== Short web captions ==
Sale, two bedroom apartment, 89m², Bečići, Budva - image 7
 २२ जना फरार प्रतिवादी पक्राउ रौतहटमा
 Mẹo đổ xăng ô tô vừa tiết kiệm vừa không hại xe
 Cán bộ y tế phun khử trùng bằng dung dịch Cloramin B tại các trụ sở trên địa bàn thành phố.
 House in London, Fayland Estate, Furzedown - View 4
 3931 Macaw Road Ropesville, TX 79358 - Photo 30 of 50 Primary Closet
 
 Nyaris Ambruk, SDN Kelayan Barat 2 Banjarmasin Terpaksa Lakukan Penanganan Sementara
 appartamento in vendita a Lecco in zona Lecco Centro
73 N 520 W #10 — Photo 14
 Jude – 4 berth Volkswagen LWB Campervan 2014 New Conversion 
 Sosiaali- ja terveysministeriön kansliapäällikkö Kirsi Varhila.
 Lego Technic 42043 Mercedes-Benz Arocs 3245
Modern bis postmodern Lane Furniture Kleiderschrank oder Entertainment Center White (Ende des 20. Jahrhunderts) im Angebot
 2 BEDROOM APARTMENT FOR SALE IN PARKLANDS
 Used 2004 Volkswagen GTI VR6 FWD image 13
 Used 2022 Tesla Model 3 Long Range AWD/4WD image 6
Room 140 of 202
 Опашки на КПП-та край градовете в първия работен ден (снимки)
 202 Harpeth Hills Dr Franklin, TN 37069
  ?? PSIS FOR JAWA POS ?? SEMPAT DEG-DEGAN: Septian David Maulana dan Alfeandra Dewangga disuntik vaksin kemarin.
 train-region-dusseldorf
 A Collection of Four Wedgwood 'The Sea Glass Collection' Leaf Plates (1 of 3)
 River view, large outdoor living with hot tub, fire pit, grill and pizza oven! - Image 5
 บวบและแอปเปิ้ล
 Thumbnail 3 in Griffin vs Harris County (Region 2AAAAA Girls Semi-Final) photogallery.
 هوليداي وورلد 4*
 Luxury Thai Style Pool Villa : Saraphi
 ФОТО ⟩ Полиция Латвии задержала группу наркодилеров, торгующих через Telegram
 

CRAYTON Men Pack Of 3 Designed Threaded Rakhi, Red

== Task details ==
Across the entries above, count the lines with the word "Volkswagen" and report that count by itself.

== Reply to the exercise ==
2